If you played Capcom's 2009 release Bionic Commando (and not enough of you did because the game's poor sales led to Capcom's development partner, Grin, going out of business), then you hopefully came across the shocking twist at the end of the story. More surprising than Batman's Scarecrow-induced hallucinations in Batman: Arkham City and more of a shock than learning that Super Mario Bros. 2 was all a dream, the climax of Bionic Commando involves the protagonist, Nathan Spencer, learning that his missing wife is closer than he thought. It turns out that bionic limbs such as Spencer's arm require a catalyst to function, and the best catalysts are loved ones. Spencer's own Federation abducted and murdered his wife in order to place her brain inside his bionic arm. This is one of the more disturbing twists in video gaming, and it's fair to ask from where this dark turn originated. Joystiq spoke with former Capcom head of production Keiji Inafune to find out.

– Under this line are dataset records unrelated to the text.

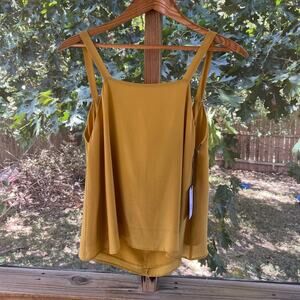 Steven Alan Women's Mustard Yellow Drapey Sleeveless Top Size S. NEW!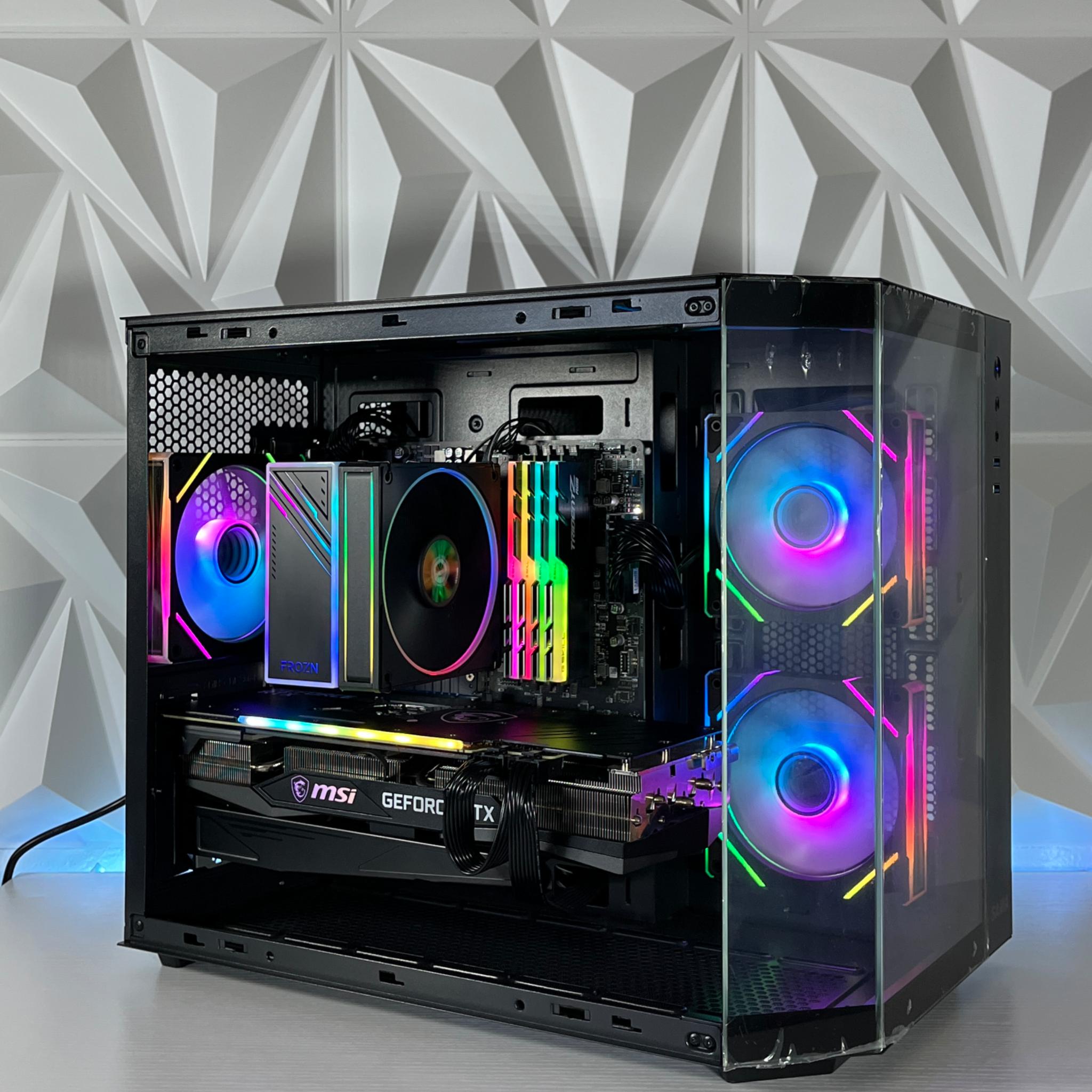 RTX 3070 TRIO, Ryzen 7 5800X, 32GB RAM | Black RGB Gaming Computer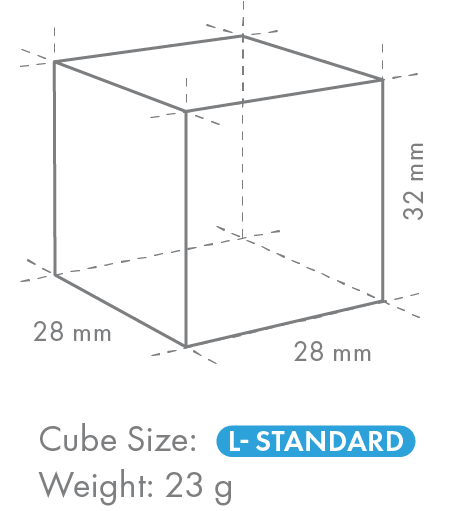Hoshizaki IM-21CPE - Isterningmaskine - 30 kg/døgnet - 11,5 kg. magasin - Store isterninger (3 års garanti)
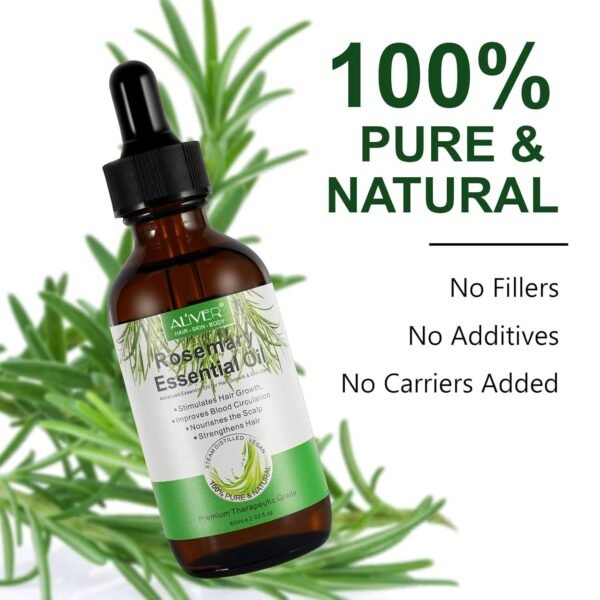 71Xn5wt1CL._SL1500_.jpg 2 Pack Rosemary Oil for Hair Growth, Natural Essential oil with Aromatic Experience, Organic Pure Rosemary Essential Oil for Beard Growth, Eyelash Care, Nourishes the Scalp, Skin Care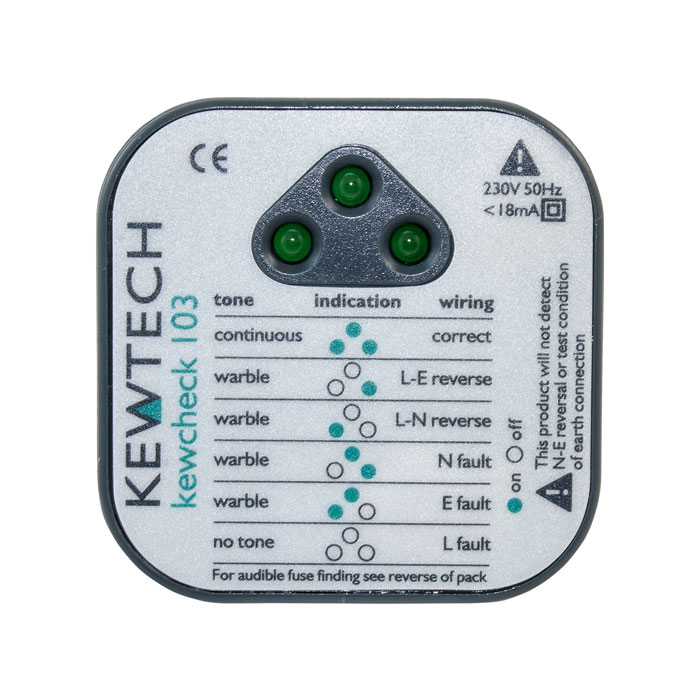 Kewtech KT103 Wall Socket Checker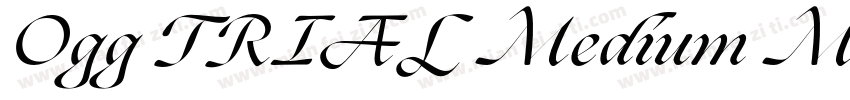 Ogg TRIAL Medium Medium字体转换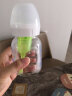 布朗博士(DrBrown's)奶瓶 玻璃奶瓶 婴儿防胀气奶瓶 宽口径婴儿奶瓶150ml(0-3月龄)新生儿奶瓶晶彩奶瓶 实拍图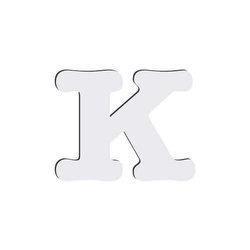 Lettera decorativa da MDF per sublimazione 10 cm K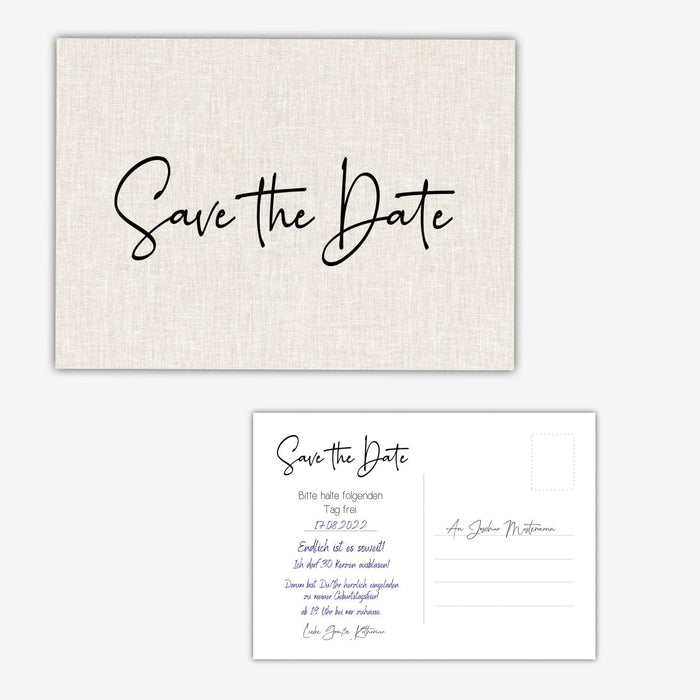 25 save the date Karten Geburtstag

"I don't even know what happened there," Inafune lamented. The project was apparently rife with development issues, which Inafune exemplified with a phrase that represented the attitude Grin and Capcom had for each other at the time: "Whatever, do what you want, I don't care."
Though he couldn't say what specifically happened to result in such a bizarre game ending, Inafune explained that the issue of foreign companies working with Japanese ones was at the heart of the situation. "At the beginning, things are very, very good between the two companies. Things get kind of weird from the middle, and it gets really bad at the end -- especially for the Japanese companies," he said of the development process.
As enthusiastic as I am about Bionic Commando (read the PTB archives and you'll find that I may be the only person in the world who throroughly enjoyed it), I did find "his wife is in his arm" to be a sudden jolt. Spencer proceeds to go mad from the revelation and kill the man who ordered his wife's murder (among other crimes), but it's still a lot for Spencer to come back from in the end. We've seen heroes tortured before in plenty of games, but what happened to Emily Spencer and the result for Nathan is one of gaming's darkest, cruelest twists. Knowing now that neither Capcom nor Grin really seemed to care about how the game ended explains a lot, I think. If neither team was watching out for the other's best interests, then the system of checks and balances that usually exists in the development relationship would have convinced someone to take a second look at Emily's fate. If all that mattered was shipping the final product, then suddenly things make a bit more sense.